Estlin E J, Palmer R D, Windebank K P, Lowry M F, Pearson A D
Department of Child Health, Sir James Spence Institute of Child Health, Royal Victoria Infirmary, Newcastle upon Tyne.
Arch Dis Child. 1996 Nov;75(5):432-5. doi: 10.1136/adc.75.5.432.

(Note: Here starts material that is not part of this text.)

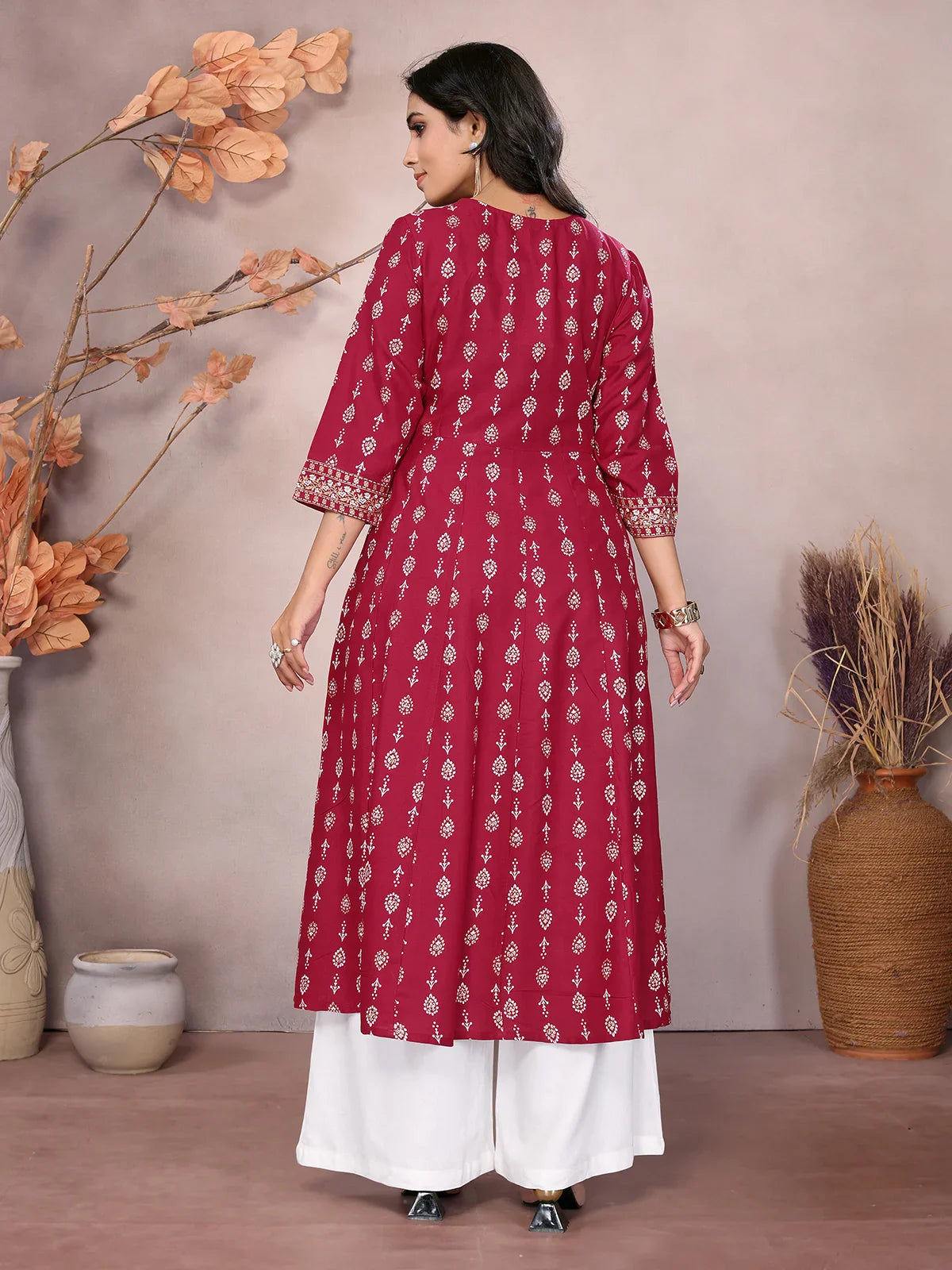 Buy రేయాన్ ఎంబ్రాయిడరీ కాఫ్ లెంగ్త్ అనార్కలి కుర్తా-మెరూన్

Two cases of non-familial haemophagocytic lymphohistiocytosis (HLH) are presented in which treatment with interferon alfa and gammaglobulin was associated with complete clinical remission. In one case, serological evidence of recent Epstein-Barr virus infection was found. Natural killer cell activity was within normal limits in both children, compatible with a secondary form of HLH. The combination of interferon alfa and intravenous gammaglobulin requires further evaluation in the treatment of non-familial HLH.
本文报告了两例非家族性噬血细胞性淋巴组织细胞增生症(HLH),这两例患者经干扰素α和丙种球蛋白治疗后实现了完全临床缓解。其中一例发现了近期感染爱泼斯坦-巴尔病毒的血清学证据。两名儿童的自然杀伤细胞活性均在正常范围内,符合继发性HLH的表现。干扰素α与静脉注射丙种球蛋白联合治疗非家族性HLH的疗效有待进一步评估。